Work required. Emit a verbatim copy of the lines below from the line with "Once SSD cache" through the line with "Go ahead and open", excluding pictures and everything outside that range.

Information provided.
* * * *
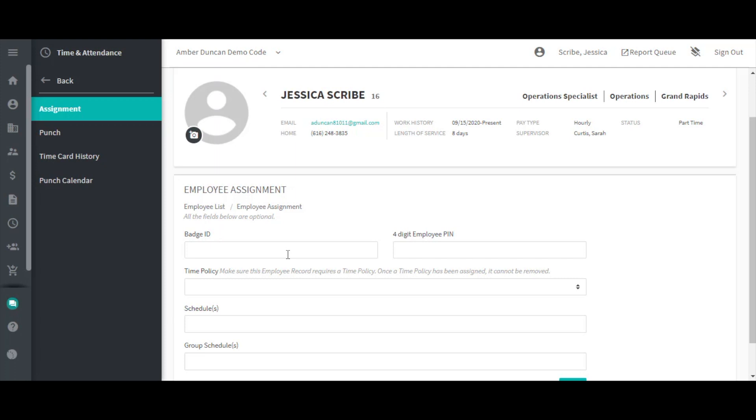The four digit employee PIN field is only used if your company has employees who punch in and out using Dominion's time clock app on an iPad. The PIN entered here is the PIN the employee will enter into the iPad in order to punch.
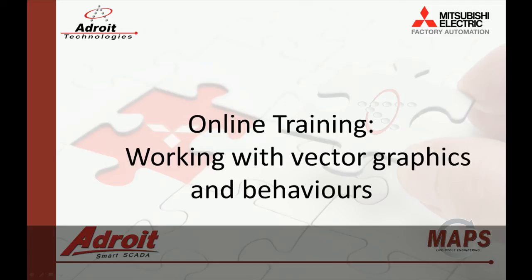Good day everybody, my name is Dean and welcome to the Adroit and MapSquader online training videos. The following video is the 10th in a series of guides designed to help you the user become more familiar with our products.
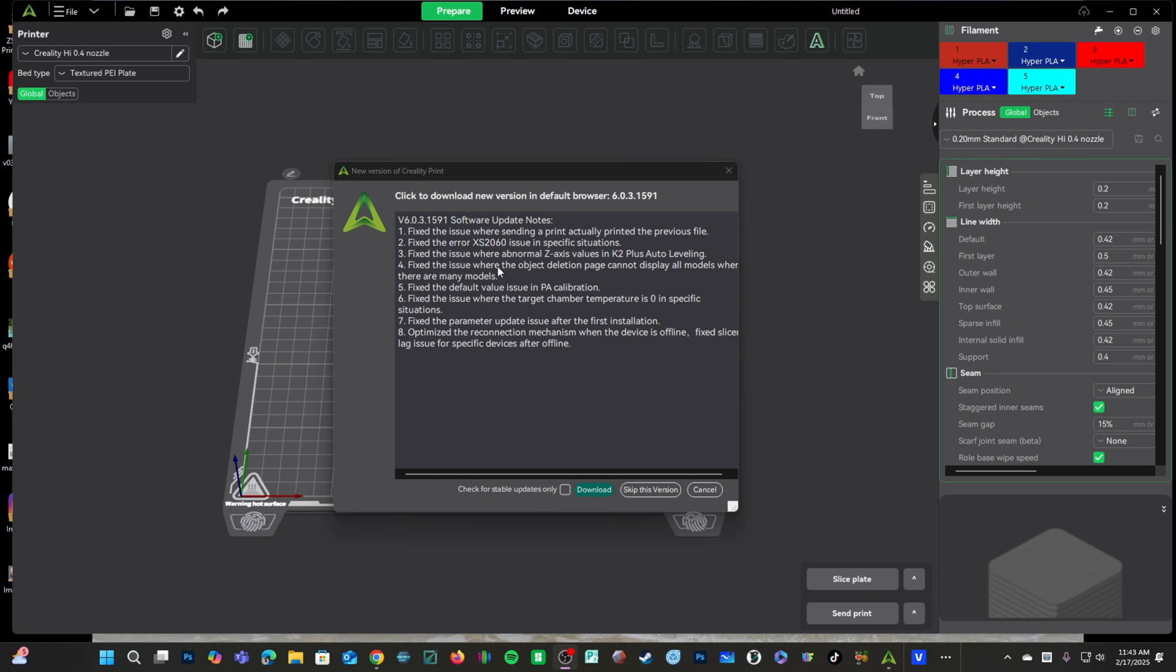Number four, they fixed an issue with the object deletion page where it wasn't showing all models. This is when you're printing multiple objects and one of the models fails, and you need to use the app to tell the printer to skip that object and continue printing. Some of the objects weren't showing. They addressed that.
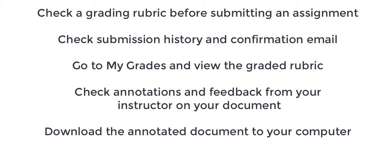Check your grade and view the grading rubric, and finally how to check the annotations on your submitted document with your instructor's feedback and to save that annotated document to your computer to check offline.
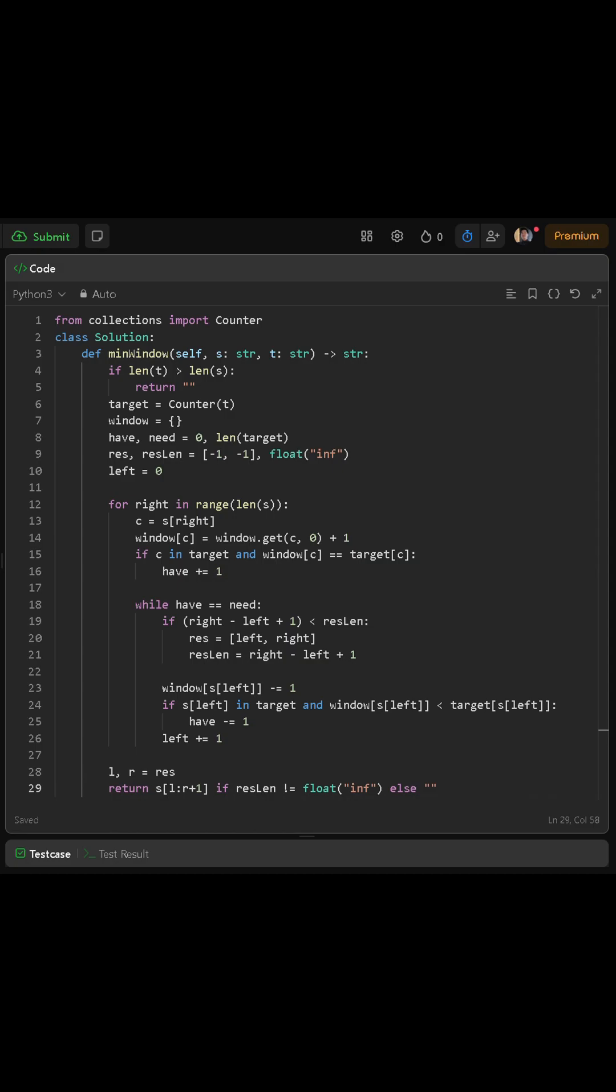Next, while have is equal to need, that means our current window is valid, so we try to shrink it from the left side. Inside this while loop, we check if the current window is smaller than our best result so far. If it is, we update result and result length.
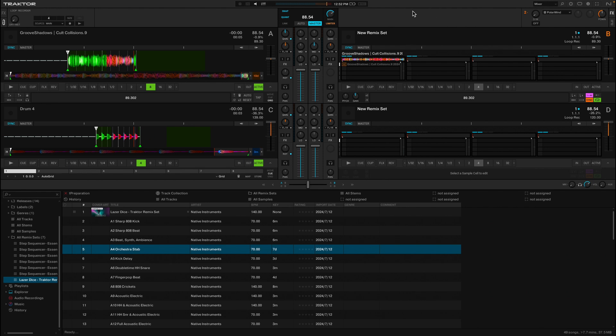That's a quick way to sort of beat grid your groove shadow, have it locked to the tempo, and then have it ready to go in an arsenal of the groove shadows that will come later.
* * * *
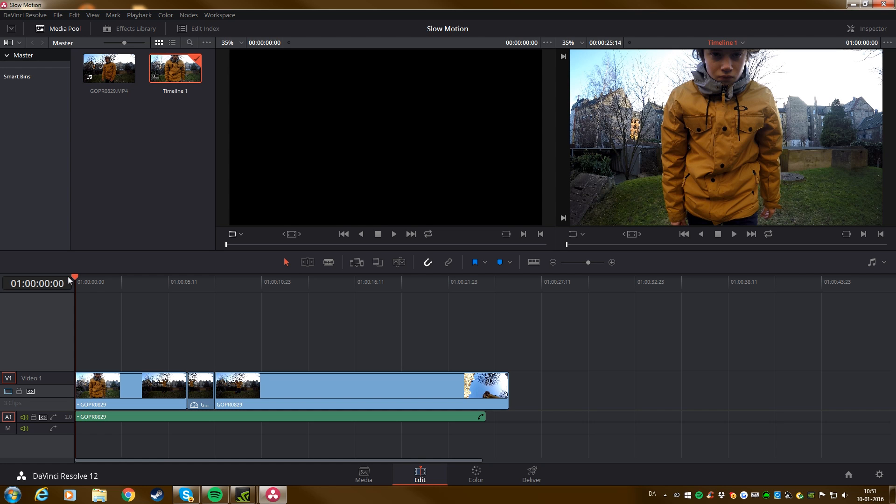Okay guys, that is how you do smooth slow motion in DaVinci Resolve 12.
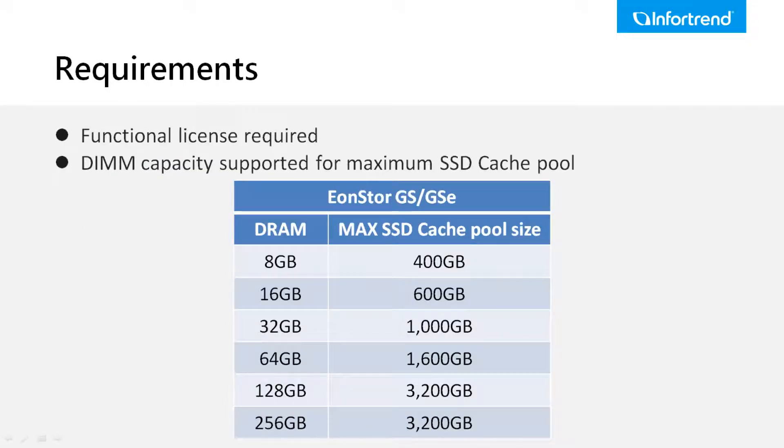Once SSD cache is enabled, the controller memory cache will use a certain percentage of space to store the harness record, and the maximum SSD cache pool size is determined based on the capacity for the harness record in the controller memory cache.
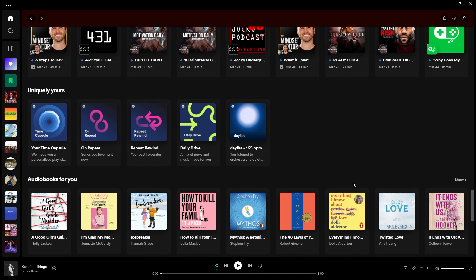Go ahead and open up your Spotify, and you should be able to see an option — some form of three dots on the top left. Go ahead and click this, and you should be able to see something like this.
* * * *
Exercise response.
Once SSD cache is enabled, the controller memory cache will use a certain percentage of space to store the harness record, and the maximum SSD cache pool size is determined based on the capacity for the harness record in the controller memory cache.
Go ahead and open up your Spotify, and you should be able to see an option — some form of three dots on the top left. Go ahead and click this, and you should be able to see something like this.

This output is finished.